Diversity may be dismissed as political correctness, but it brings real business benefits, insists Sharon Kyle, head of employee engagement and diversity at contract caterer Sodexo.
Let's be honest - when talking about diversity, the phrases "political correctness", "positive discrimination" and "HR buzz-word" often come up.
Such perceptions can be a real challenge to overcome, yet we must as an industry if we are to truly maximise the business value of diversity and inclusion.
So why do many companies have high levels of diversity among their grass roots yet fail to see this diversity replicated at more senior levels?
Diversity simply means difference and we are all different in many ways.

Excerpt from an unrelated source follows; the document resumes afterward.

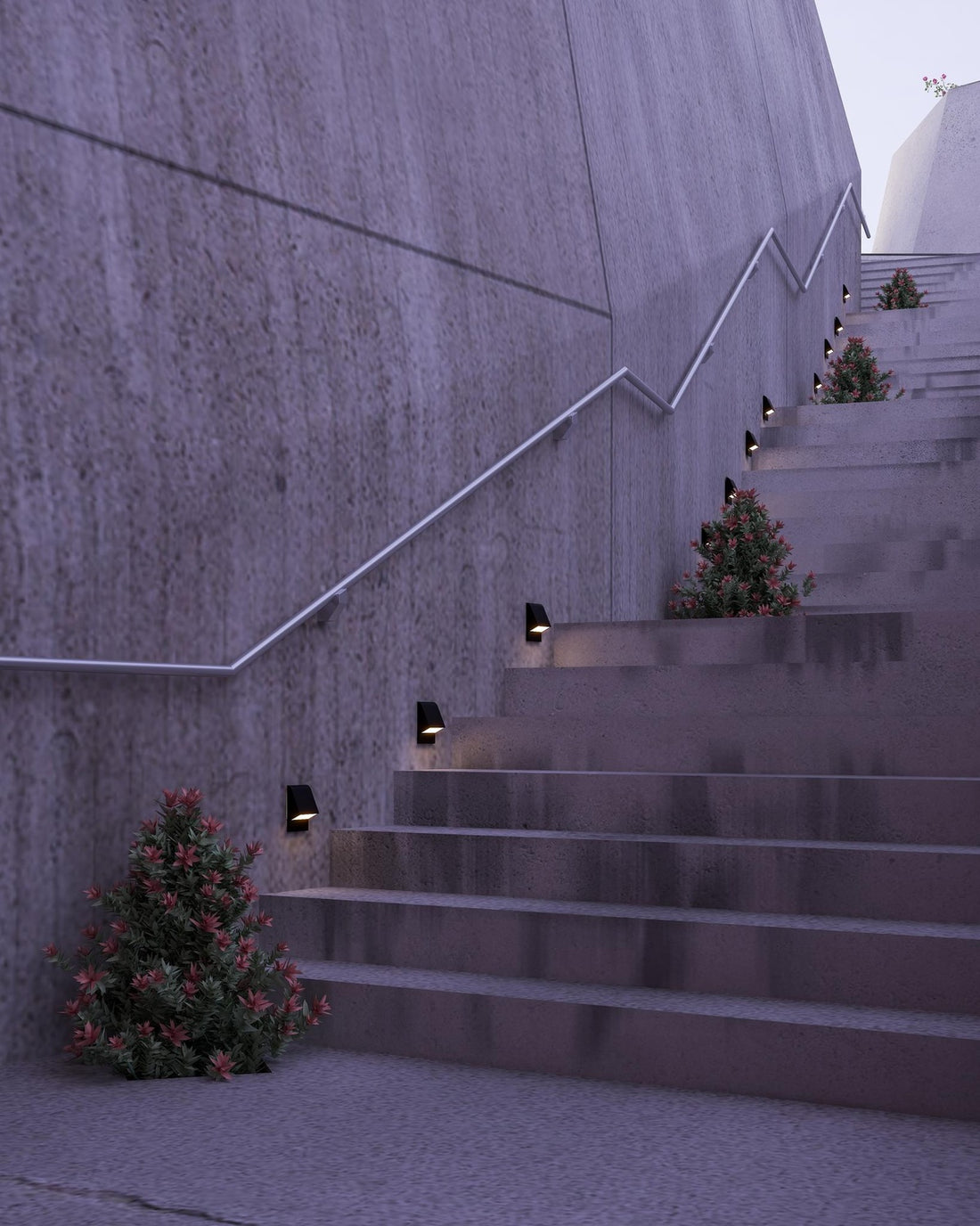 KUZCO LIGHTING INC JACKSON EXTERIOR WALL/STEP LIGHTS - Path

Our different perspectives - influenced, for example, by our age, gender, race, cultural background, religion, experiences of disability or our family structure and sexual orientation - are a source of valuable information and knowledge that companies often fail to tap into.
Rather than seeing benefits and potential, we can be put off by the challenges that balancing the needs and expectations of different groups within our businesses can present.
Many of us already know some of the obvious challenges - including language and physical barriers or lack of flexibility. But some are more subtle, such as a feeling of lack of respect or inclusion in the workplace culture, or deeply ingrained and often subconscious ideas of the type of person who is best suited to a particular role.
To stay competitive in these challenging times, it has become even more vital that we keep up with changing needs and expectations - not just via grass- roots teams who deliver services, but also at more senior levels.
We don't view diversity and inclusion as simply a one-off HR initiative, but more a long term journey that touches all areas of our business, including the products we purchase, the suppliers we work with, the teams we employ and develop, and the clients we serve.
When we come out of this recession, forward-thinking companies that have continued to focus on diversity and inclusion will be best equipped to meet the increased demand for labour by being able to attract from the widest and most diverse pool.